## [What is expected]
Write out the whole listing exactly as it stands.

## [Provided information]
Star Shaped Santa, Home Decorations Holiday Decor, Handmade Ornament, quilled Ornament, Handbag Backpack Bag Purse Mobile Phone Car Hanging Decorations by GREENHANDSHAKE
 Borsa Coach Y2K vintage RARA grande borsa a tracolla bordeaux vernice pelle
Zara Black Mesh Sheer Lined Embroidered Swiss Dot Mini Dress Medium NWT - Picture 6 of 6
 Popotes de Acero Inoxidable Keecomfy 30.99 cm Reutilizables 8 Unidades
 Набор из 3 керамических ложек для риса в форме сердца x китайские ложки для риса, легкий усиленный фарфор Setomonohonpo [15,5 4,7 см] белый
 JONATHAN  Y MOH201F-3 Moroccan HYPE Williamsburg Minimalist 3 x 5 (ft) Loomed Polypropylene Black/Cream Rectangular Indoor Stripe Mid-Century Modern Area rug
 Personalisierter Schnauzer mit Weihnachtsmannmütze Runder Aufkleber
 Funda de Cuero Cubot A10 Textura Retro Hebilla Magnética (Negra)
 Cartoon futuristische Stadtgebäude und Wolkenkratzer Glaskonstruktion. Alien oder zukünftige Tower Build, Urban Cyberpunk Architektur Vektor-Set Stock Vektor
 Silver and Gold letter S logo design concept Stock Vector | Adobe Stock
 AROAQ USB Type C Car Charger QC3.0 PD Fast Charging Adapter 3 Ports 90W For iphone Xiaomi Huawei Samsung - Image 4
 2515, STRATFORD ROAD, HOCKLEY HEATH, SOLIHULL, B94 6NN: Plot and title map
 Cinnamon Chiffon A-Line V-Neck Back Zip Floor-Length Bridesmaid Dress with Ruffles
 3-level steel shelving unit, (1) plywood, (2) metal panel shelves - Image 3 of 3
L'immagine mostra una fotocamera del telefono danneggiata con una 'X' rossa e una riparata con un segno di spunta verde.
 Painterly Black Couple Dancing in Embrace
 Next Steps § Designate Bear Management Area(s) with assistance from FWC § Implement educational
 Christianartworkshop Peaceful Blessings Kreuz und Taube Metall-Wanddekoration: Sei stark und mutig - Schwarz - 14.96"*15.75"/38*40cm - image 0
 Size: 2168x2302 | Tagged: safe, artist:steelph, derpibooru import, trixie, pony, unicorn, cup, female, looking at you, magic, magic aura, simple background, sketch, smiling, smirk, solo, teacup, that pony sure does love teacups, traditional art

## [Response area]
Star Shaped Santa, Home Decorations Holiday Decor, Handmade Ornament, quilled Ornament, Handbag Backpack Bag Purse Mobile Phone Car Hanging Decorations by GREENHANDSHAKE
 Borsa Coach Y2K vintage RARA grande borsa a tracolla bordeaux vernice pelle
Zara Black Mesh Sheer Lined Embroidered Swiss Dot Mini Dress Medium NWT - Picture 6 of 6
 Popotes de Acero Inoxidable Keecomfy 30.99 cm Reutilizables 8 Unidades
 Набор из 3 керамических ложек для риса в форме сердца x китайские ложки для риса, легкий усиленный фарфор Setomonohonpo [15,5 4,7 см] белый
 JONATHAN  Y MOH201F-3 Moroccan HYPE Williamsburg Minimalist 3 x 5 (ft) Loomed Polypropylene Black/Cream Rectangular Indoor Stripe Mid-Century Modern Area rug
 Personalisierter Schnauzer mit Weihnachtsmannmütze Runder Aufkleber
 Funda de Cuero Cubot A10 Textura Retro Hebilla Magnética (Negra)
 Cartoon futuristische Stadtgebäude und Wolkenkratzer Glaskonstruktion. Alien oder zukünftige Tower Build, Urban Cyberpunk Architektur Vektor-Set Stock Vektor
 Silver and Gold letter S logo design concept Stock Vector | Adobe Stock
 AROAQ USB Type C Car Charger QC3.0 PD Fast Charging Adapter 3 Ports 90W For iphone Xiaomi Huawei Samsung - Image 4
 2515, STRATFORD ROAD, HOCKLEY HEATH, SOLIHULL, B94 6NN: Plot and title map
 Cinnamon Chiffon A-Line V-Neck Back Zip Floor-Length Bridesmaid Dress with Ruffles
 3-level steel shelving unit, (1) plywood, (2) metal panel shelves - Image 3 of 3
L'immagine mostra una fotocamera del telefono danneggiata con una 'X' rossa e una riparata con un segno di spunta verde.
 Painterly Black Couple Dancing in Embrace
 Next Steps § Designate Bear Management Area(s) with assistance from FWC § Implement educational
 Christianartworkshop Peaceful Blessings Kreuz und Taube Metall-Wanddekoration: Sei stark und mutig - Schwarz - 14.96"*15.75"/38*40cm - image 0
 Size: 2168x2302 | Tagged: safe, artist:steelph, derpibooru import, trixie, pony, unicorn, cup, female, looking at you, magic, magic aura, simple background, sketch, smiling, smirk, solo, teacup, that pony sure does love teacups, traditional art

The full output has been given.